Bum and Nin took a motorbike and fled in the night, heading for the ferry at Nathon, the island's capital.
But they ran out of petrol.
And so they walked.
And stopped in a 7/11 for cigarettes.
Where a policeman matched the Rasta description and arrested them both, there and then, at gunpoint.
Mikkel and I went to see them in prison. A room the size of a scout hut with about 200 half-naked men inside. No air-con. Half a dozen or so of them westerners.
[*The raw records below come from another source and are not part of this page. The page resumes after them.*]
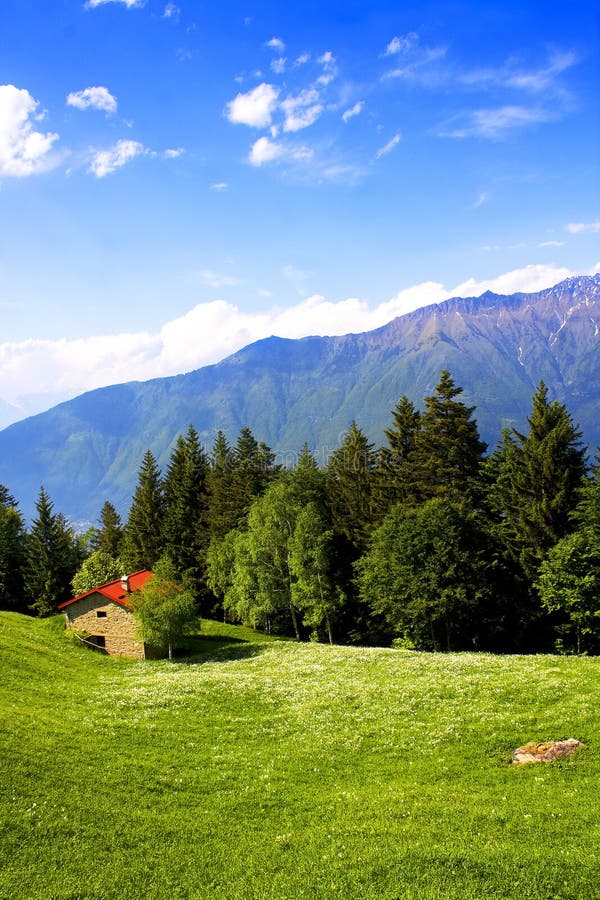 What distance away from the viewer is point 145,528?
86.1 metres

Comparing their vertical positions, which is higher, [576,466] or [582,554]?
[576,466]

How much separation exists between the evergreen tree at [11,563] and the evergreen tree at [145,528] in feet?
55.8

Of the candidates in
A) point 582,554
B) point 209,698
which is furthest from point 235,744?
point 582,554

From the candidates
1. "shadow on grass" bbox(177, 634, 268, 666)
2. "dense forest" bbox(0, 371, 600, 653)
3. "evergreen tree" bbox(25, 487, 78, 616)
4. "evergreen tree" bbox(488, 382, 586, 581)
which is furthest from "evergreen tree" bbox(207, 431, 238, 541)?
"evergreen tree" bbox(488, 382, 586, 581)

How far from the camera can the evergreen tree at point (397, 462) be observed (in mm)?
57469

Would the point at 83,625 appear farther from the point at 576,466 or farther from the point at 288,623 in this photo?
the point at 576,466

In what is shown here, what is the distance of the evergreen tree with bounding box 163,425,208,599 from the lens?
255ft

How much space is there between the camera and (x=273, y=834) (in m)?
14.5

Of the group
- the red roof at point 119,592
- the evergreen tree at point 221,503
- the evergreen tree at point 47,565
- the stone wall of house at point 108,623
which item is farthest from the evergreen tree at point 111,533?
the stone wall of house at point 108,623

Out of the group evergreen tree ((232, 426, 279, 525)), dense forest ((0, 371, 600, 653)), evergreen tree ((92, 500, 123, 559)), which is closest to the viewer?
dense forest ((0, 371, 600, 653))

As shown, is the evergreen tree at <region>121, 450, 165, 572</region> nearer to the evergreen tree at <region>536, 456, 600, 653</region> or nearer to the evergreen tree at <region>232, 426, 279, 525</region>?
the evergreen tree at <region>232, 426, 279, 525</region>

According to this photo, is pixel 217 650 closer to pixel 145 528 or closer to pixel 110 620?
pixel 110 620

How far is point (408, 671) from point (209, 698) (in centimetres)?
1217

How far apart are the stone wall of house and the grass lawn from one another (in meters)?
20.4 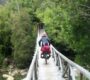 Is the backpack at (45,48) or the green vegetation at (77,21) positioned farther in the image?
the green vegetation at (77,21)

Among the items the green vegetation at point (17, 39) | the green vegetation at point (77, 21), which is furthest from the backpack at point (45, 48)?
the green vegetation at point (17, 39)

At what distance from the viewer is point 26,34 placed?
56469mm

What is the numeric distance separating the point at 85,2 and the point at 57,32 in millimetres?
21763

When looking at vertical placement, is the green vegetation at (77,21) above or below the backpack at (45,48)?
above

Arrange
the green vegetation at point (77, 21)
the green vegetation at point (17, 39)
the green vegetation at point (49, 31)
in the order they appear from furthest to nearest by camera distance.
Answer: the green vegetation at point (17, 39) < the green vegetation at point (49, 31) < the green vegetation at point (77, 21)

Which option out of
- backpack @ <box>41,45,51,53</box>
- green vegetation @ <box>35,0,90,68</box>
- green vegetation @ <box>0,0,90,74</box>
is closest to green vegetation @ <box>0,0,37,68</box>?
green vegetation @ <box>0,0,90,74</box>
Everyone with shaved heads, and wearing leg-irons.
After four months, Bum was allowed out when a "friend" paid his bail.
A fourth killer, a respectable Thai married to a Westerner, was never even interviewed, even though everyone on the island who knew anything about the murder knew who'd done it.
7
I WAKE up in my friend, Ishbel's, room.
She's English, but she's also gone native.
She goes down to the bar and to her astonishment everything is operating as normal.
So I follow her down there.
The boss is non-plussed.
The body is long gone.
The blood has washed away.
And, most importantly, the tourists don't know.
The couple on the beach will be too scared to say anything, he predicts, correctly.
"So, Juzzz-tin," says my boss, with a wide, toothy grin. "We have a party tonight, no?"